# Heat press settings for dye sub transfers



## BigD (Mar 18, 2007)

We have a Hottronix heat press and are pressing black dye sub transfers on 100% polyester soccer style shirts. We started with 400° at 17 seconds medium pressure. The black ink is on the light side and has like a green tint to it. We are using Artainium ink and using the ICC profiles that came with the ink. Looking at the used transfer paper, it does not even look like it has been used. Do we need to just increase the dwell time? If so, how long, what are the typical settings? Any help will be greatly appreciated!


----------



## plan b (Feb 21, 2007)

Hi, I sublimate at 400 degrees , light pressure,, for 55 seconds,, dont think your dwell time is long enough,,

R.


----------



## Reinbow (May 21, 2007)

Hi
I have to agree with Roger-your dwell times aren't long enough.Also, make sure the paper you are using is for fabric & not hard surfaces. I usually find between 35-45 sec's enough for polyester fabric-might be different for 'bought-in' shirts though!
Good luck!
Babs


----------



## Eastdsm (Mar 10, 2007)

Yes, longer dwell time. Also, I'd reduce the pressure a little. Lines are rampant with sublimation, as far as having a "box" appear on the shirt where the paper was. Lighter pressure will help this. I've reduced the pressure pretty light when doing shirts and had no reduction in the quality of the print. Especially doing soccer type shirts are I'm sure a thinner more "micro performance" type than the common vapor apparel shirts. 

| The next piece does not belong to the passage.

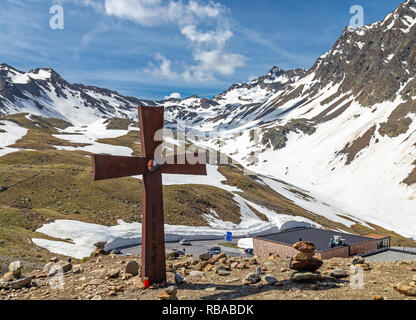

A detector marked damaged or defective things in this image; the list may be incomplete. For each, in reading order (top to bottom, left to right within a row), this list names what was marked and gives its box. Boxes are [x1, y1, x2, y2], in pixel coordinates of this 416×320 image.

rusty metal cross [92, 106, 206, 284]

I have a heck of a time reducing the lines on Vapor Apparels micro performance shirts. Although they recommend 385* , preheating for 45 seconds with a large single sheet covering the whole heat press area, then only pressing the graphic for 30 seconds.


----------



## plan b (Feb 21, 2007)

Have you seen vapor's new press kit,, you can cut a perfect size of material to raise your print area ,, same as a mouse pad but in a wide roll so you can cut any size you like???

R.


----------



## BigD (Mar 18, 2007)

Thanks for the advice! We are experiencing the lines! We also are noticing that the color of the polyester is turning the transfer paper the color of the shirt. We were doing some red shirts and after presssing, the trasnsfer paper had a pink tint and you could see the perfect rectangle of the paper. We backed the pressure setting to 1 and the dwell back to 20 seconds then when it is done we remove the transfer and cover the shirt with the teflon sheet and press for another 12 seconds and it seems to reduce the lines and the miscoloration mismatch. Overall the results are pretty good. The other problem we are having is ghosting. Is the result of a short dwell time. Or could it be ghosting when I am trying to align the transfer on a hot shirt? How do you stop it from happening?


----------



## D.Evo. (Mar 31, 2006)

Yes, ghosting could be from aligning a transfer on a hot t-shirt. 

You don't have to pre-heat shirts before pressing (we never do) - try just placing your transfer on a cold shirt with Teflon sheet on top and press it. To stop the transfer from shifting you may want to use special adhesive spray or heavier Teflon sheet.

In my experience 20 sec. is not really enough for vibrant print - with the combination of pressure and temperature I’m using it's more like 45-60 sec. I also would reduce re-pressing time from 12 sec to 4-5 sec.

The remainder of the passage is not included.